• Required work:
The listing that follows is to be output in full and without change.

• Recorded information:
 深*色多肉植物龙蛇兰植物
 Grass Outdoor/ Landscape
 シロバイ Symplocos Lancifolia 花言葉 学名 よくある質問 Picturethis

• Solution for this problem:
 深*色多肉植物龙蛇兰植物
 Grass Outdoor/ Landscape
 シロバイ Symplocos Lancifolia 花言葉 学名 よくある質問 Picturethis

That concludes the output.